Aqui baralhou-se se não queria referir a conta solidária que a RTP abriu e atribuiu à Misericórdia de Pedrógão. Mas ainda, segundo Costa, para que ficasse claro que o “Revita” não era um fundo do Governo, o executivo decidiu avançar para uma gestão tripartida, incluindo as entidades representativas da sociedade civil, sustentando:
“O Estado só responde pelo dinheiro que lhe foi confiado e, nesse sentido, para que não haja mais dúvidas, pedi ao Ministro da Solidariedade [Vieira da Silva] que publicasse no site do fundo ‘Revita” um quadro com o montante doado e destino que está a ser dado a cada uma das verbas”.
O Fundo “Revita”, a que se refere Costa, foi criado para gerir os donativos para apoio às vítimas do incêndio que começou em 17 de junho, em Pedrógão Grande, e conta com mais de 20 entidades aderentes, num total de cerca de 2 milhões de euros já recebidos, como refere um comunicado enviado à agência Lusa pelo MTSSS (Ministério do Trabalho, Solidariedade e Segurança Social), que afirma:
“Até à data, aderiram ao fundo mais de duas dezenas de entidades, com donativos em dinheiro, em espécie e em prestação de serviços, tendo sido entregues donativos em dinheiro no valor de cerca de 2 milhões de euros”.
Segundo o comunicado, os donativos apenas são entregues ao “Revita” por decisão dos doadores, sendo que o Governo e o Conselho de Gestão do fundo têm também cooperado com a Cáritas Diocesana de Coimbra, a UMP e a Fundação Calouste Gulbenkian, que agregaram outros donativos. Por outro lado, o MTSSS explica que o fundo “Revita” foi criado para gerir os donativos entregues no âmbito da solidariedade demonstrada, “em estreita articulação com os municípios de Castanheira de Pera, Figueiró dos Vinhos e Pedrógão Grande”, frisando:
“A competência do Conselho de gestão do ‘Revita’ cinge-se aos donativos entregues ao Fundo ‘Revita’, sendo que estes donativos se destinam prioritariamente à reconstrução das habitações afetadas pelos incêndios e ao seu apetrechamento, bem como ao apoio aos agricultores”.
Questionado pela agência Lusa, o MTSSS afirmou que “não pode responder sobre outras contas solidárias e/ou outros donativos, uma vez que se trata de dinheiro de entidades privadas”, não sendo responsável pela abertura ou fiscalização dessas mesmas contas.
A terreiro vem superiormente o Presidente da República afirmar que é preciso explicar aos portugueses o que lhe explicaram a ele: “de onde veio o dinheiro para fazer frente à tragédia, quem é que o está a gerir, como e quanto”. E, apelando a que sejam corrigidos eventuais “lapsos, duplicações ou insuficiências”, pediu que se “evite, nas três semanas que faltam [para as eleições autárquicas] converter [este assunto] em campanha eleitoral”. Mais afirmou que “isto tem de ser explicado por quem, a nível local, tenha uma visão de coordenação”.*
O BE julga inacreditáveis problemas com os donativos, asserção que explicito por relevante.
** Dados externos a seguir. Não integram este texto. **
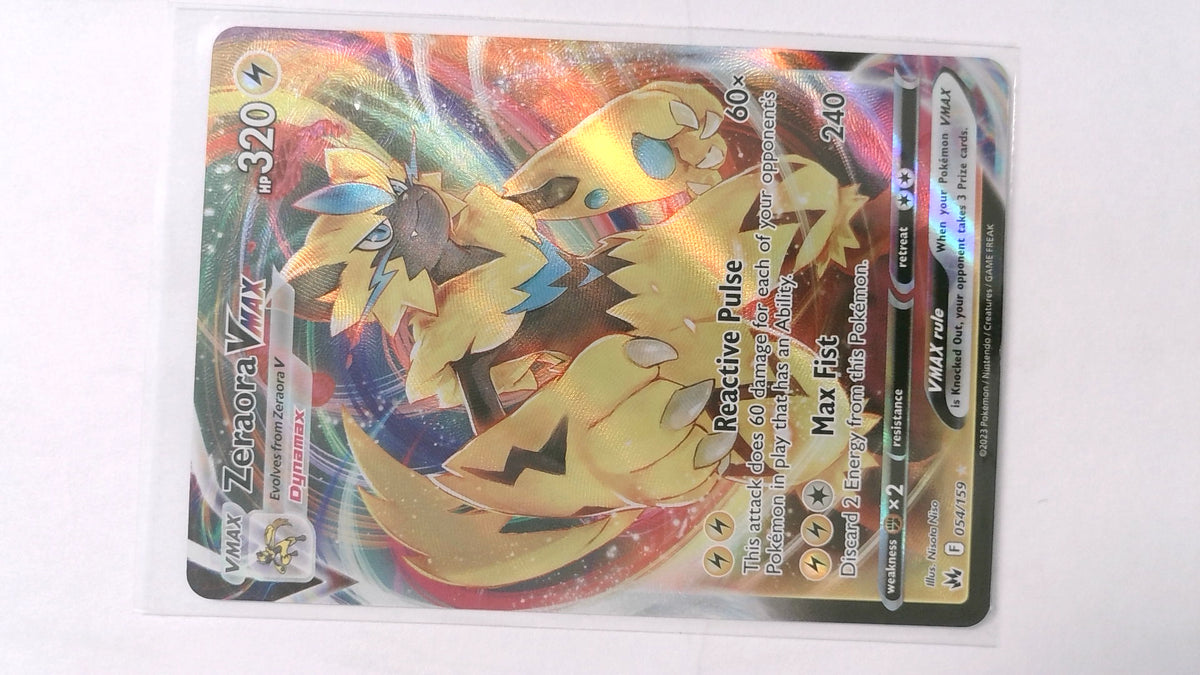 Zeraora VMAX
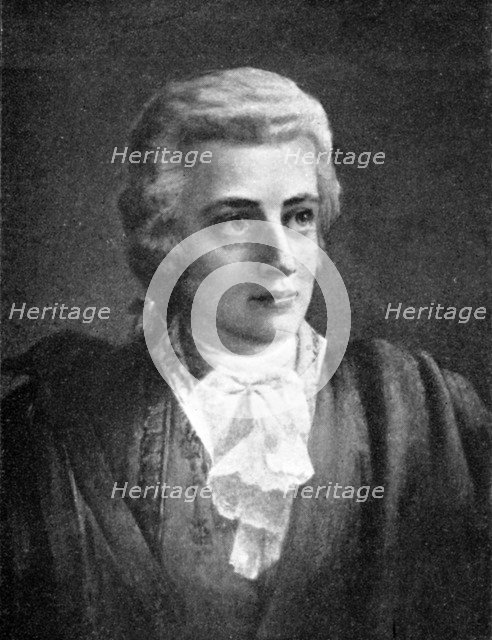 Wolfgang Amadeus Mozart, (1756-1791), composer, 1909. Artist: Unknown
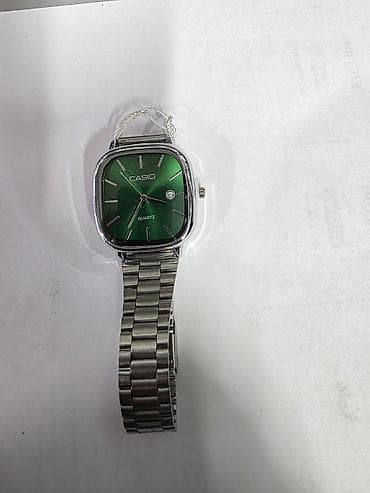 Часы Casio с кварцевым механизмом. - Классический аналоговый — 1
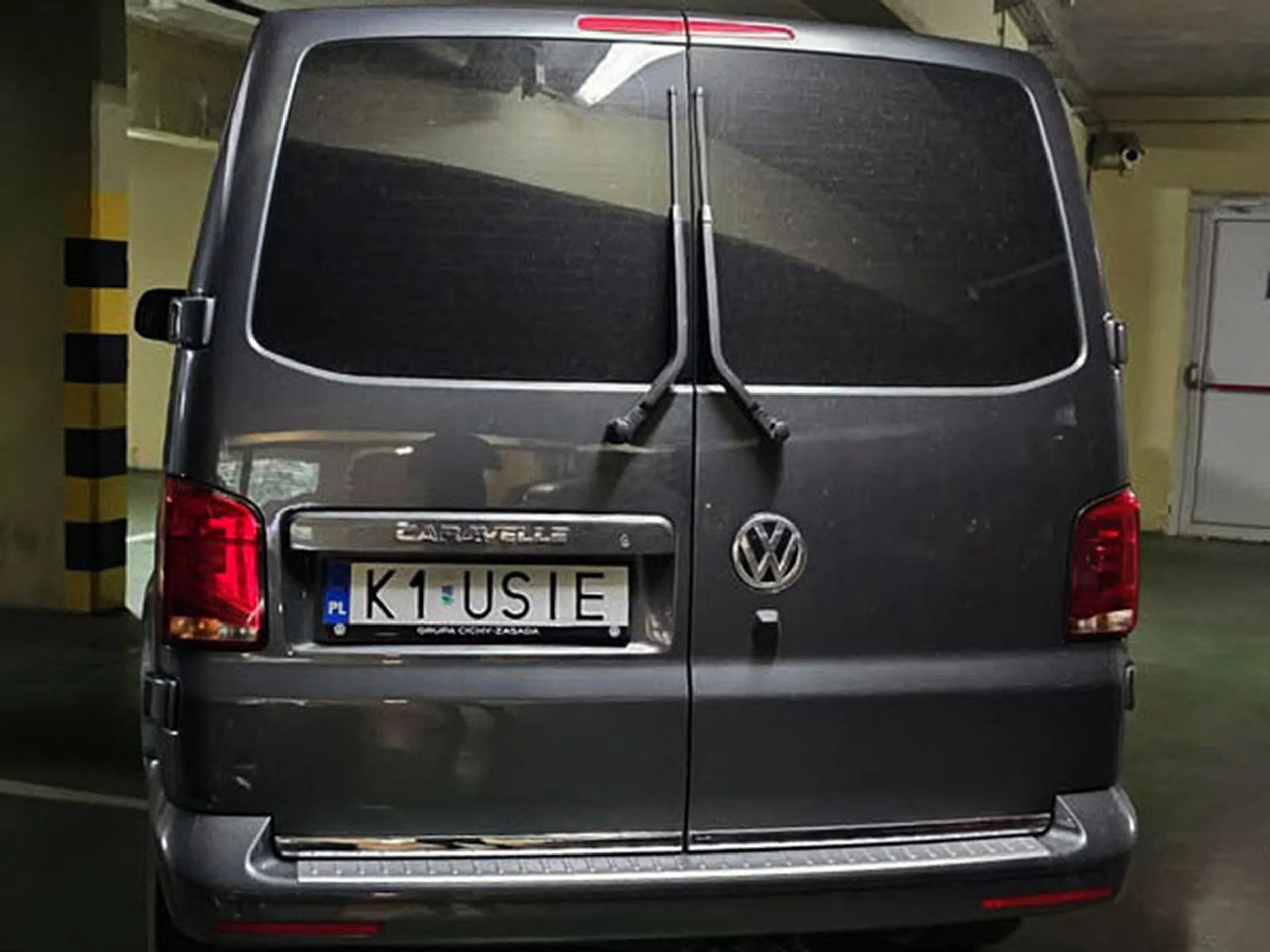 Fajny numer, blacha K1 USIE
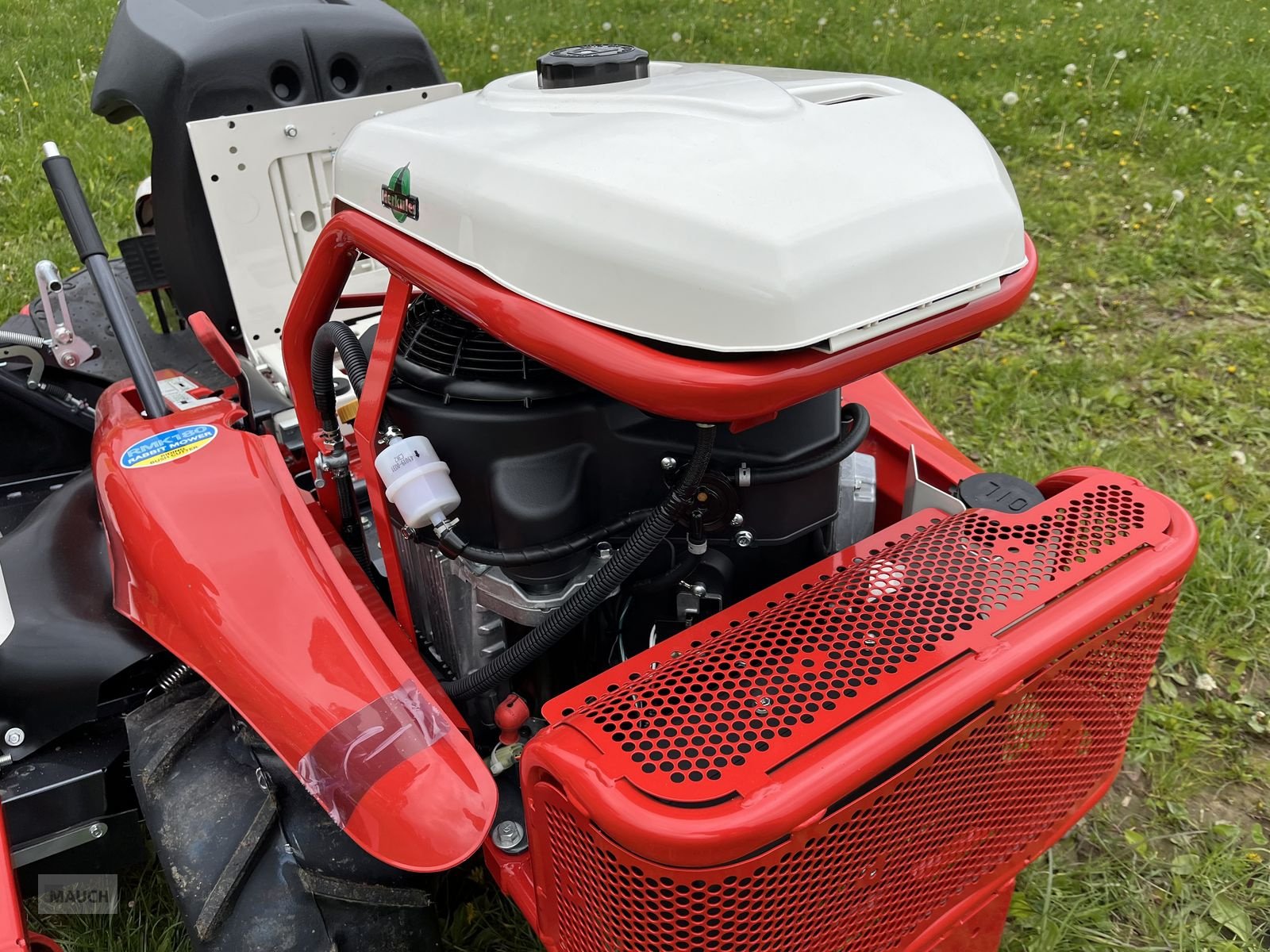 Rasentraktor tip Herkules RMK 180X Hydro Gestrüppmäher, Neumaschine in Burgkirchen (Poză 7)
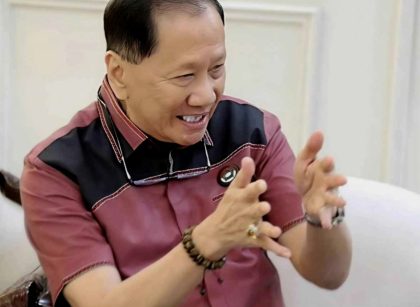 Waka Umum DNIKS Rudi Andries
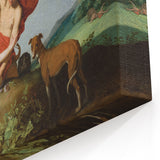 Baroque Mythological Scene Wall Art – Timeless Classic Elegance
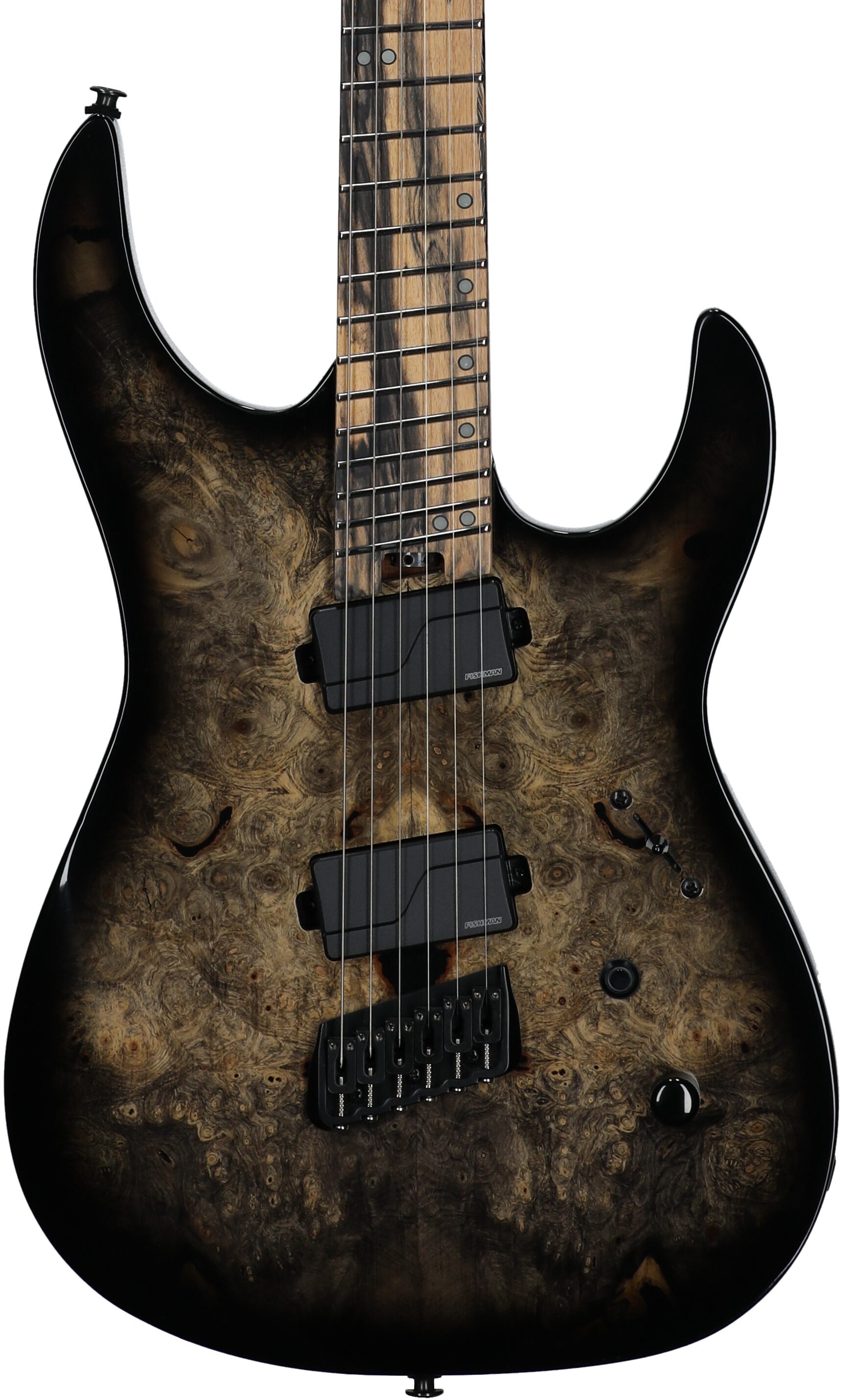 Legator Ninja 6 OD Multi-Scale Electric Guitar 1 Legator Ninja 6 OD Multi-Scale Electric Guitar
Diz Catarina Martins, coordenadora do Bloco de Esquerda (BE):

“As entidades privadas a quem toda a população de boa-fé entregou donativos, têm de saber explicar o que é que estão a fazer com esses donativos e, se houver algum problema, naturalmente as entidades competentes terão de investigar”.

A coordenadora do BE afirmou hoje, dia 6 de setembro, que acha inacreditável que haja problemas com os donativos para as vítimas dos incêndios de Pedrógão e reclamou explicações das entidades privadas que gerem fundos. Considerou ela à margem duma visita ao Complexo do Cachão, em Trás-os-Montes:
“Eu acho inacreditável que possa haver problemas naquilo que é pôr a generosidade de toda a população ao serviço de quem precisa de ser ajudado”.
Por isso, acrescentou:
“As entidades privadas que têm esses fundos devem explicar, porque o Governo já deu as explicações e não é no fundo público que há problema, é nas entidades privadas”.
Catarina Martins reiterou que “seria uma matéria de bom senso” as entidades privadas a quem foram entregues donativos darem explicações sobre o que recolheram e o que estão a fazer com o dinheiro, pois “ninguém no país compreende que não expliquem”. E, recordando que “o Bloco de Esquerda tem tido uma posição sobre esta matéria de uma enorme prudência”, afirmou:
“Nós temos dito que nestas questões do apoio social, das respostas às comunidades, é muito importante a presença do Estado. Eu julgo que este momento prova um bocadinho essa necessidade.”.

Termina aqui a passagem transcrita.